BEGIN
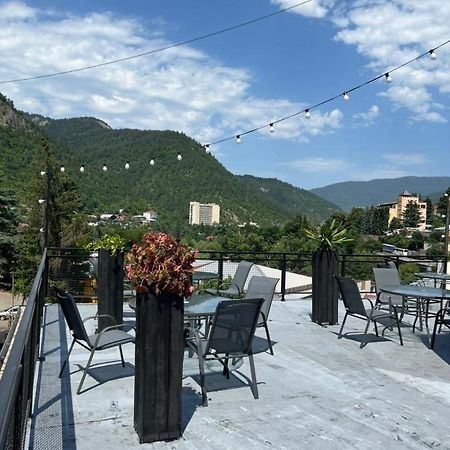 Borjomi Central Hotell Exteriör bild
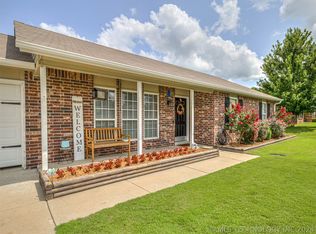 14793 E Modoc St, Claremore, OK 74017
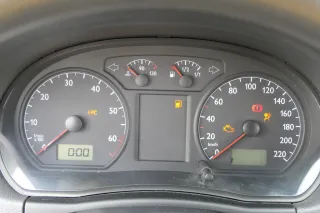 VW Polo 9N Tacho Tachometer Kombiinstrument 200.800km 6Q0920800P 1,2 47kw 40kw - Bild 1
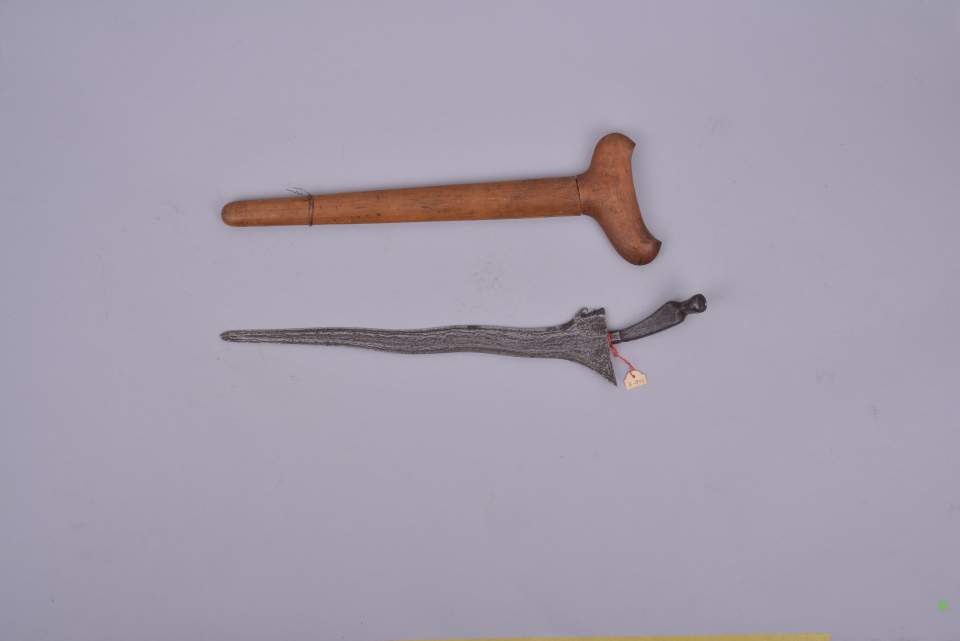 Keris mit Scheide, Dolch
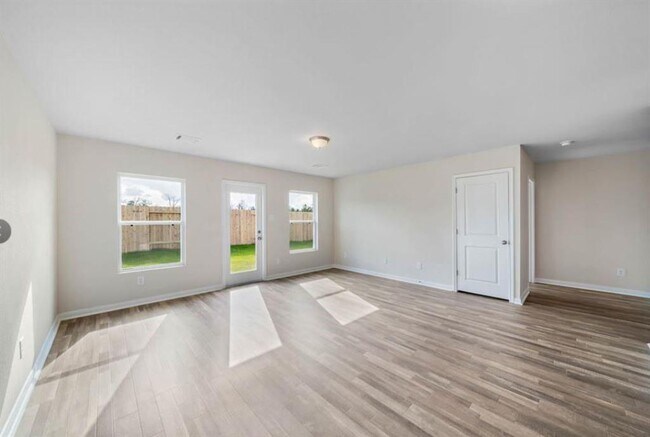 Building Photo - 15708 Del Norte Dr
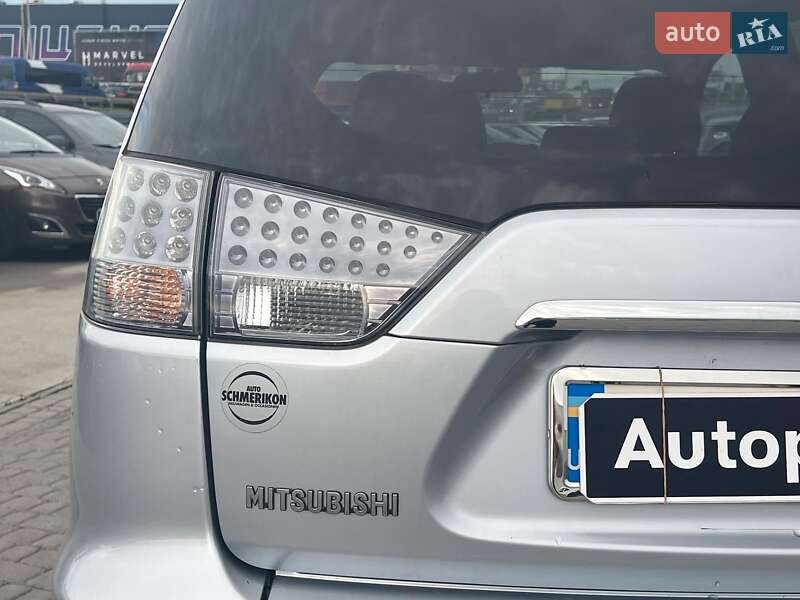 Позашляховик / Кросовер Mitsubishi Outlander 2012 в Львові фото 28 Позашляховик / Кросовер Mitsubishi Outlander 2012 в Львові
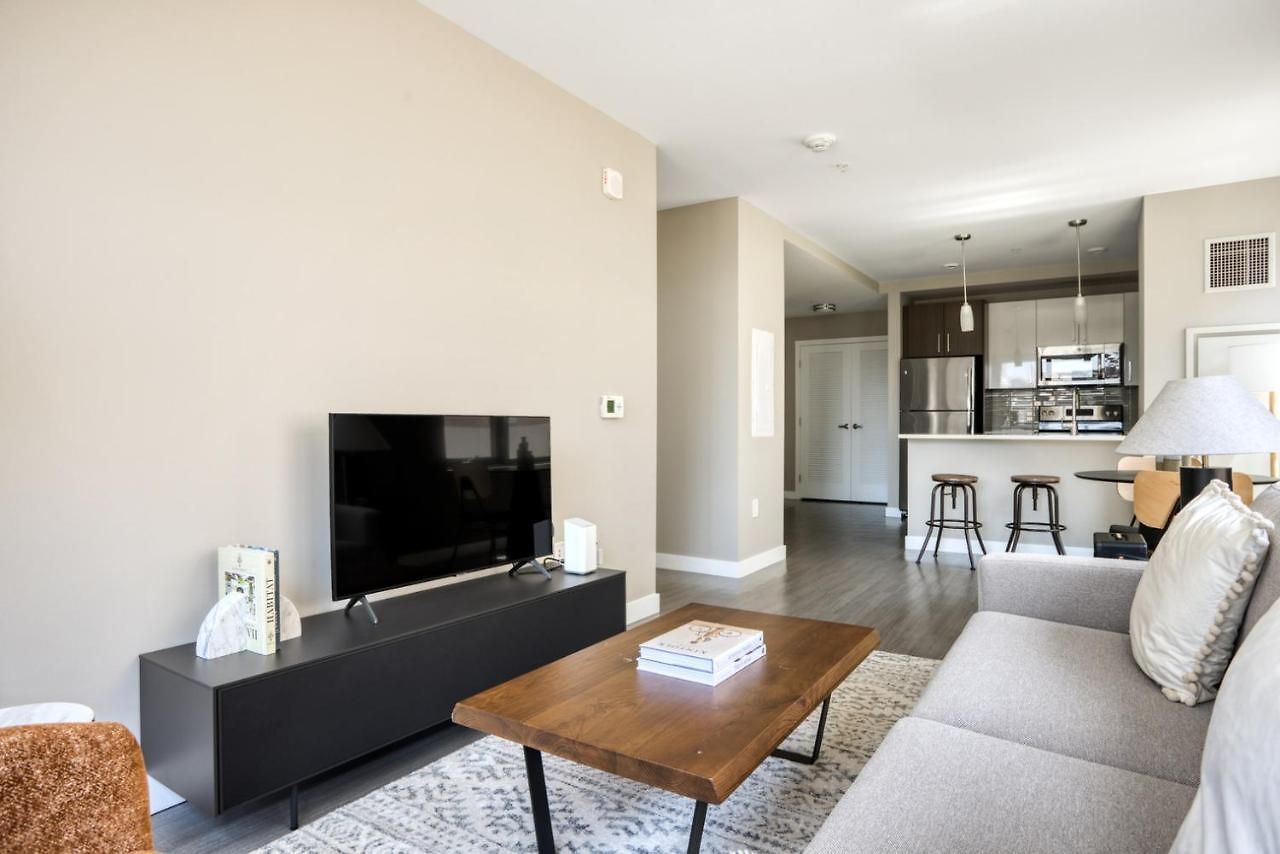 Apartment N Station 1br W Wd Gym Nr Td Garden Bos-705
END
Exercise brief —
No pictures belong in the output. It should reproduce exactly the lines from the one containing "14793 E Modoc St, Claremore, OK 74017" through the end of the data, both ends included.

Reply —
 14793 E Modoc St, Claremore, OK 74017
 VW Polo 9N Tacho Tachometer Kombiinstrument 200.800km 6Q0920800P 1,2 47kw 40kw - Bild 1
 Keris mit Scheide, Dolch
 Building Photo - 15708 Del Norte Dr
 Позашляховик / Кросовер Mitsubishi Outlander 2012 в Львові фото 28 Позашляховик / Кросовер Mitsubishi Outlander 2012 в Львові
 Apartment N Station 1br W Wd Gym Nr Td Garden Bos-705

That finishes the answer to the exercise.